Memorandum by the Deputy United States Representative at the United Nations (Gross) to the United States Representative at the United Nations (Lodge)
- Appointment of a Secretary General
Sir Gladwyn Jebb told me yesterday afternoon he had discussed the question of the appointment of a Secretary General at lunch on Monday with six other members of the Security Council, excluding Lebanon (the Lebanese Representative not being here), the Soviet Union, China and ourselves. He said he was convinced from his discussion that “no candidate other than Pearson could get seven votes in the Security Council”.
Jebb referred (more in regret than in anger) to your reluctance to discuss the question with him on any specific basis, and said he felt he had to “keep the thing moving”. He asked me to tell you, therefore, that he is planning to request a Security Council meeting to take up the question, perhaps early next week.

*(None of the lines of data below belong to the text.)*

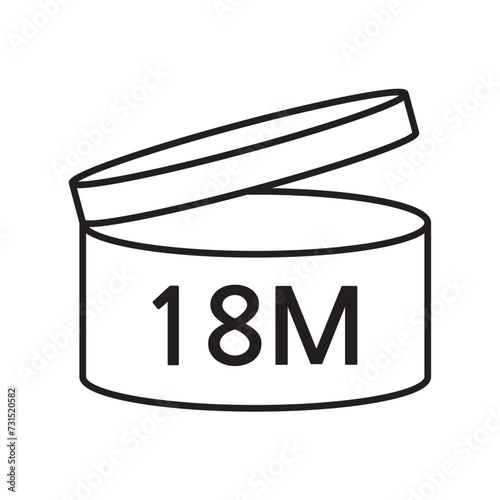 PAO cosmetic icon, mark of period after opening. Expiration time after package opened, white label. 18 month expirity on white background, vector illustration. eps. jpg. png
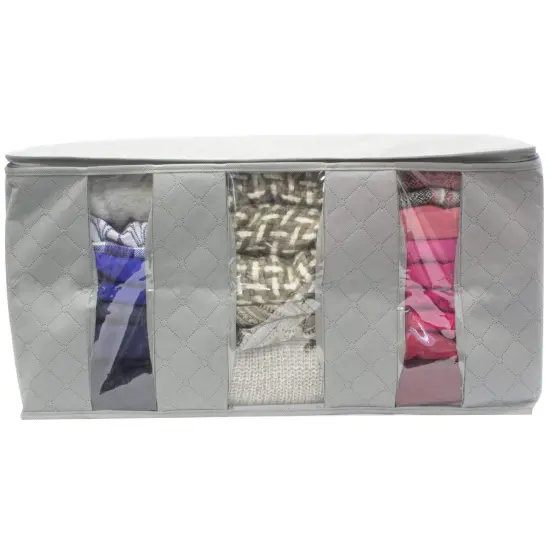 Sorbus Foldable Storage Bag Organizers with 3 divided sections (2 Pack) Gray {3}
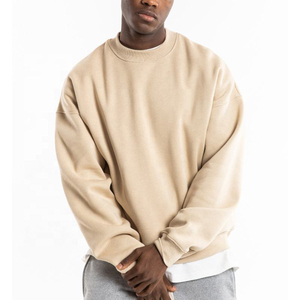 Venta al por mayor sudadera de gran tamaño sólido 100% algodón cuello redondo para hombres de talla grande transpirable de alta calidad técnica de tinte liso 420 gramos - Product Image 1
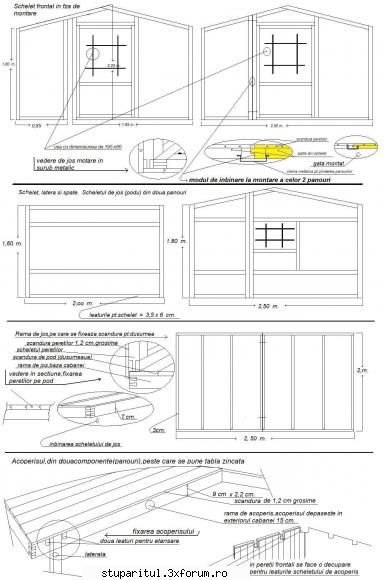 CABANA APICOLA (casa stuparupui) - CABANA APICOLA DEMONTABILA. Schite si - PLANURI....PLANURI....PLANURI.....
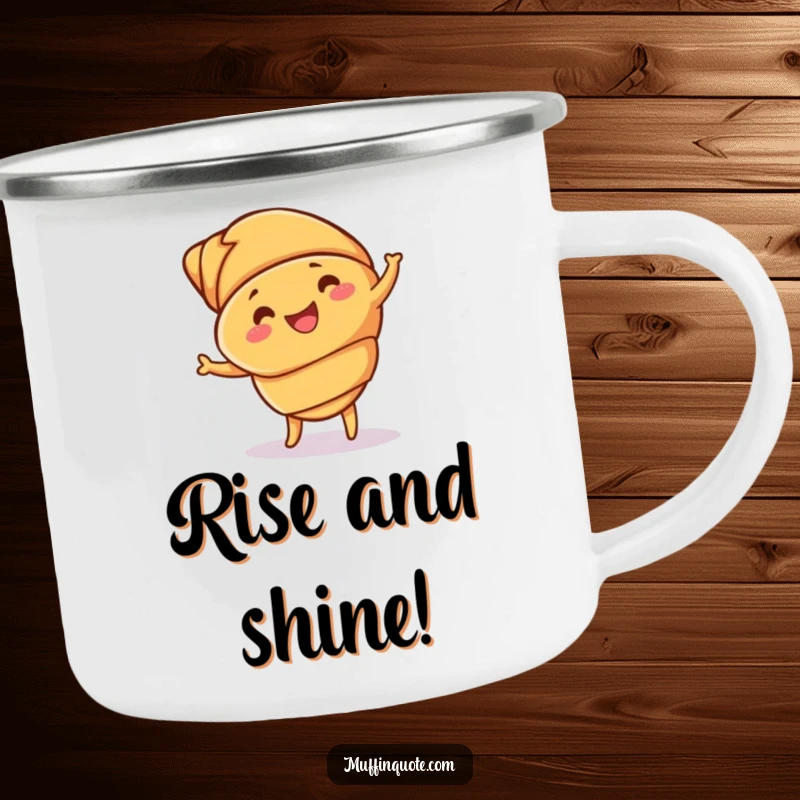 Funny croissant camping mug showcasing a happy, dancing pastry, durable for adventures with buttery humor.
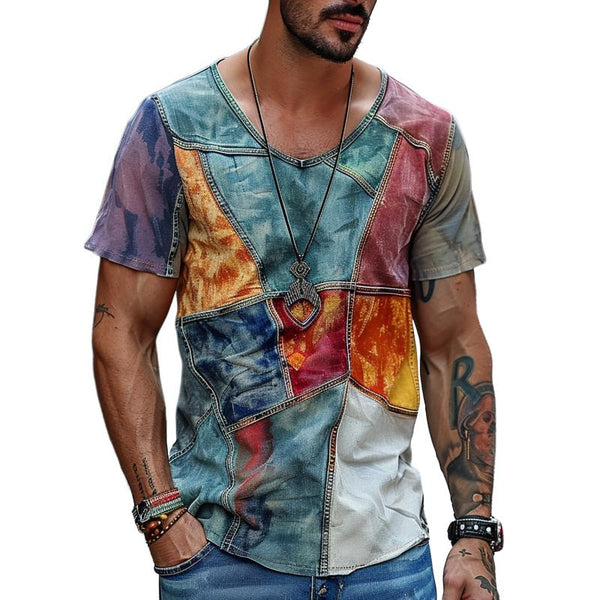 Men's Casual V-neck Color Block Printed Short-sleeved T-shirt 87945027M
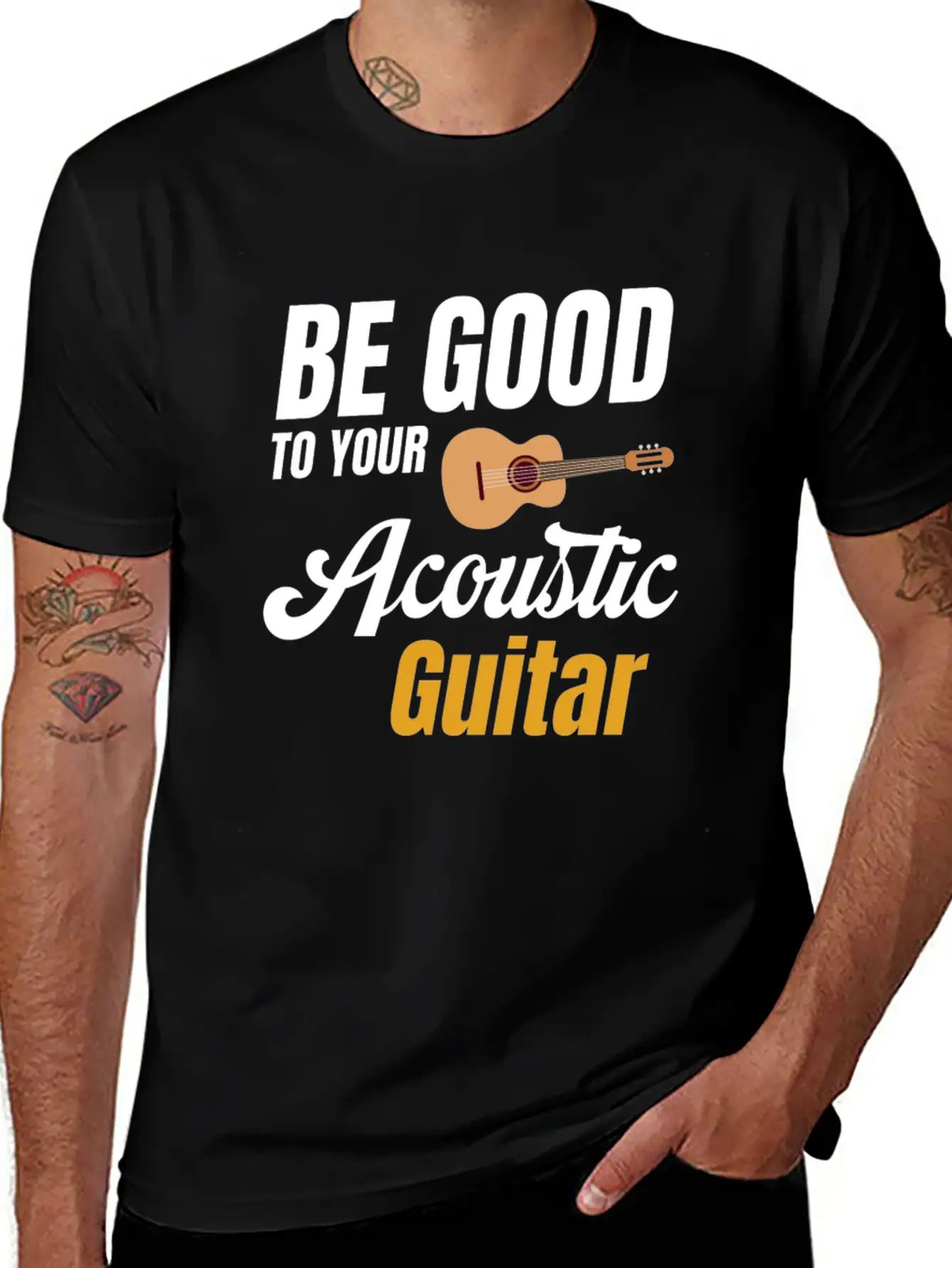 Be Good To Your Wood Acoustic Guitar Lover Band Soft Cotton Short Sleeve Tee ¨C Unisex Wardrobe Staple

I told Jebb I would report this to you, but that I did not think it appropriate for me to discuss the matter with him. However, I told Jebb that Pearson had told Jack Ross and myself that he did not want his name bandied about and was reluctant to have his name put forward merely to be rejected. Jebb seemed quite uncertain about Pearson’s attitude in this respect and said he thought perhaps he should have a talk with Pearson.
Jebb’s idea is that even if Pearson is turned down on the first round, if other names are put forward and they are turned down, Pearson could be advanced again and possibly would be accepted on the second round.
Jebb’s proposal to call for a Security Council meeting to take up the question of the appointment of a Secretary General at this time seems to me to raise at least three questions: [Page 442]
- The unfortunate aspect of taking this problem up before the Personnel item is disposed of;
- The poor tactics, it seems to me, of putting Pearson’s name, or anybody else’s name forward, merely to be vetoed;
- Taking up the question of the appointment of a Secretary General before the Korean item is finished in Committee 1.
We have information that Bokhari has tried unsuccessfully to obtain Soviet reactions to Pearson.